- _Web page caption snippets_:
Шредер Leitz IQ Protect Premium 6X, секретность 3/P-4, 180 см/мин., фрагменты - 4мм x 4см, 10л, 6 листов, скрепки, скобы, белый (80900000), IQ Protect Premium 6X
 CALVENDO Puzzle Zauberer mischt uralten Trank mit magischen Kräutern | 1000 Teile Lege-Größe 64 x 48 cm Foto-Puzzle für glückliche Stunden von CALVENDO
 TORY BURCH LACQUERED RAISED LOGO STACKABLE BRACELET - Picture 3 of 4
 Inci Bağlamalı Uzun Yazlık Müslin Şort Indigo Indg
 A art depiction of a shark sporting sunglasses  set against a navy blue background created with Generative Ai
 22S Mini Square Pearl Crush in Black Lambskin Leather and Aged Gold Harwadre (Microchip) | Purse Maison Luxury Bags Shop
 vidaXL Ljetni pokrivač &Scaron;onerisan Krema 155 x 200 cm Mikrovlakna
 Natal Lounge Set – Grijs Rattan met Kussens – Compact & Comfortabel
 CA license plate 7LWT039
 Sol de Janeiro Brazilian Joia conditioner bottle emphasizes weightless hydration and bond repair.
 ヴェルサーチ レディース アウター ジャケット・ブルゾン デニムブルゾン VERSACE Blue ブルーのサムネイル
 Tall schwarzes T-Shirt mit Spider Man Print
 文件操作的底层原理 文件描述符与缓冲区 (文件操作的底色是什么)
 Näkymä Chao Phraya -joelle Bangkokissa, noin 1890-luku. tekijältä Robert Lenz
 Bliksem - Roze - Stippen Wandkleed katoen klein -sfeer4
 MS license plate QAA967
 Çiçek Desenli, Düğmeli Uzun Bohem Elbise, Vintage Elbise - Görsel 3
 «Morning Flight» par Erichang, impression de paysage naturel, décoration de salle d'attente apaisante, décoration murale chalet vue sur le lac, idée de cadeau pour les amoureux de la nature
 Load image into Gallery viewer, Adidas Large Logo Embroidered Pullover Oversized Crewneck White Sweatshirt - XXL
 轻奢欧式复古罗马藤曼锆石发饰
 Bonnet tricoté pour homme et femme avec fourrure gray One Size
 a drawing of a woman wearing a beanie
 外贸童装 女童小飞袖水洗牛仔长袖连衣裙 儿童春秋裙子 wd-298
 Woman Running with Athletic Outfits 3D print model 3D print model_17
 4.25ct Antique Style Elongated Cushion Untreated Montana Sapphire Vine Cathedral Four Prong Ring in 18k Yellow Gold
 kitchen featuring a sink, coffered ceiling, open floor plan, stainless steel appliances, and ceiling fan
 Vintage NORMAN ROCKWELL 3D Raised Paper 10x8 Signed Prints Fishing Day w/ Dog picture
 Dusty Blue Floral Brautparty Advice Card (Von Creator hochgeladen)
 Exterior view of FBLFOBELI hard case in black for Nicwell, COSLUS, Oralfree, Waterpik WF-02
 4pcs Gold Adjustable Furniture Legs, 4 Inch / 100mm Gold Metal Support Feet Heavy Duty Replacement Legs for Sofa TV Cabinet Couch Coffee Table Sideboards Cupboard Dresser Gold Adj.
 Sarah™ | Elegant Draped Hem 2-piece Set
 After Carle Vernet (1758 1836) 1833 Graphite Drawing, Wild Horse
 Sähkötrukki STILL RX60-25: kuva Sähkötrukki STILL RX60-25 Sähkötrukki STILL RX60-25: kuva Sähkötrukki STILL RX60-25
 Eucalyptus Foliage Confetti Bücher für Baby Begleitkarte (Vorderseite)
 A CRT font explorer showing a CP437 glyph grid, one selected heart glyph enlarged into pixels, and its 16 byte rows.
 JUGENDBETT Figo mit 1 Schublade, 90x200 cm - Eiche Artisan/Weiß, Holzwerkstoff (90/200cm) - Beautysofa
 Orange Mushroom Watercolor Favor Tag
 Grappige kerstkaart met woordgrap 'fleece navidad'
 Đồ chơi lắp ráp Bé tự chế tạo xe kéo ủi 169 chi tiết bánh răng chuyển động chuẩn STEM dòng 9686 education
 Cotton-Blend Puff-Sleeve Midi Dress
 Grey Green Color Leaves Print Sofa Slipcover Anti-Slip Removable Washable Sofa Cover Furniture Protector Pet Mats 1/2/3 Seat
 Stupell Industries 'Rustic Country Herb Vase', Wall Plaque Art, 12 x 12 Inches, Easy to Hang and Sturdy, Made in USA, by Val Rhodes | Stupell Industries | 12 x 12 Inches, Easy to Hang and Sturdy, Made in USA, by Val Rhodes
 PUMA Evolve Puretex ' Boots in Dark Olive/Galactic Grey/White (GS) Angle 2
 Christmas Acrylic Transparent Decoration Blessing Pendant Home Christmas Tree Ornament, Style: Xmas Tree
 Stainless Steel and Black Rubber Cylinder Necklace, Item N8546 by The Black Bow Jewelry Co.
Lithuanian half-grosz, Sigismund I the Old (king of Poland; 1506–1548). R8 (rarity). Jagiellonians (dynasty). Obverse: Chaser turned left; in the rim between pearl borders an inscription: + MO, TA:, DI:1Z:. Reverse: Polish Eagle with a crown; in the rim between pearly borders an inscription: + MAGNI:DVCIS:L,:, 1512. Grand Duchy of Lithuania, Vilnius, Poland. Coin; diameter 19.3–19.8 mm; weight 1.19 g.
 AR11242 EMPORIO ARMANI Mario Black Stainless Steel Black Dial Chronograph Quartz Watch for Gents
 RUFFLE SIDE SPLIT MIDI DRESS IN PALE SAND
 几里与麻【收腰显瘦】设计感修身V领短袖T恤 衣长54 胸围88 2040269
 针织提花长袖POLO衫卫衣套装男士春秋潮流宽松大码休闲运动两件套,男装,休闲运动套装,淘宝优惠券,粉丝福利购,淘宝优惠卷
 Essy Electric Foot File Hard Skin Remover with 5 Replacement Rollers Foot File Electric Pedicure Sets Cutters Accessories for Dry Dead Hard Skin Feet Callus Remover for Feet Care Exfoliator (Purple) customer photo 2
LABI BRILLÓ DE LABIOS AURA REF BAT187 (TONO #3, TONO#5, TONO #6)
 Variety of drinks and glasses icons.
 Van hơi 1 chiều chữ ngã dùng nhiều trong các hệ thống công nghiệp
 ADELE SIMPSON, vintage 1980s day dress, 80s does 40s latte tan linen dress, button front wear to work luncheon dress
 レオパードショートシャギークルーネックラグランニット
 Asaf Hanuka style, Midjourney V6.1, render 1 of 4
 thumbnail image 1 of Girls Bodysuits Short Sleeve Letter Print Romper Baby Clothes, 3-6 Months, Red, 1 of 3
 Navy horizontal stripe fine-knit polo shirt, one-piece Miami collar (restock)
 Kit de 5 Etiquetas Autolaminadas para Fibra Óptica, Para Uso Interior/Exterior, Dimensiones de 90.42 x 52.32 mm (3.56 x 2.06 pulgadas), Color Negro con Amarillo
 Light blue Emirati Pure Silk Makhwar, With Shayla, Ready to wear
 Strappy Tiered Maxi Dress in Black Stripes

- _Work instructions_: Wherever the line holding "Cotton-Blend Puff-Sleeve Midi Dress" falls in the entries above, copy exactly from it through the line holding "针织提花长袖POLO衫卫衣套", inclusive, and add nothing.

- _Completed task_:
 Cotton-Blend Puff-Sleeve Midi Dress
 Grey Green Color Leaves Print Sofa Slipcover Anti-Slip Removable Washable Sofa Cover Furniture Protector Pet Mats 1/2/3 Seat
 Stupell Industries 'Rustic Country Herb Vase', Wall Plaque Art, 12 x 12 Inches, Easy to Hang and Sturdy, Made in USA, by Val Rhodes | Stupell Industries | 12 x 12 Inches, Easy to Hang and Sturdy, Made in USA, by Val Rhodes
 PUMA Evolve Puretex ' Boots in Dark Olive/Galactic Grey/White (GS) Angle 2
 Christmas Acrylic Transparent Decoration Blessing Pendant Home Christmas Tree Ornament, Style: Xmas Tree
 Stainless Steel and Black Rubber Cylinder Necklace, Item N8546 by The Black Bow Jewelry Co.
Lithuanian half-grosz, Sigismund I the Old (king of Poland; 1506–1548). R8 (rarity). Jagiellonians (dynasty). Obverse: Chaser turned left; in the rim between pearl borders an inscription: + MO, TA:, DI:1Z:. Reverse: Polish Eagle with a crown; in the rim between pearly borders an inscription: + MAGNI:DVCIS:L,:, 1512. Grand Duchy of Lithuania, Vilnius, Poland. Coin; diameter 19.3–19.8 mm; weight 1.19 g.
 AR11242 EMPORIO ARMANI Mario Black Stainless Steel Black Dial Chronograph Quartz Watch for Gents
 RUFFLE SIDE SPLIT MIDI DRESS IN PALE SAND
 几里与麻【收腰显瘦】设计感修身V领短袖T恤 衣长54 胸围88 2040269
 针织提花长袖POLO衫卫衣套装男士春秋潮流宽松大码休闲运动两件套,男装,休闲运动套装,淘宝优惠券,粉丝福利购,淘宝优惠卷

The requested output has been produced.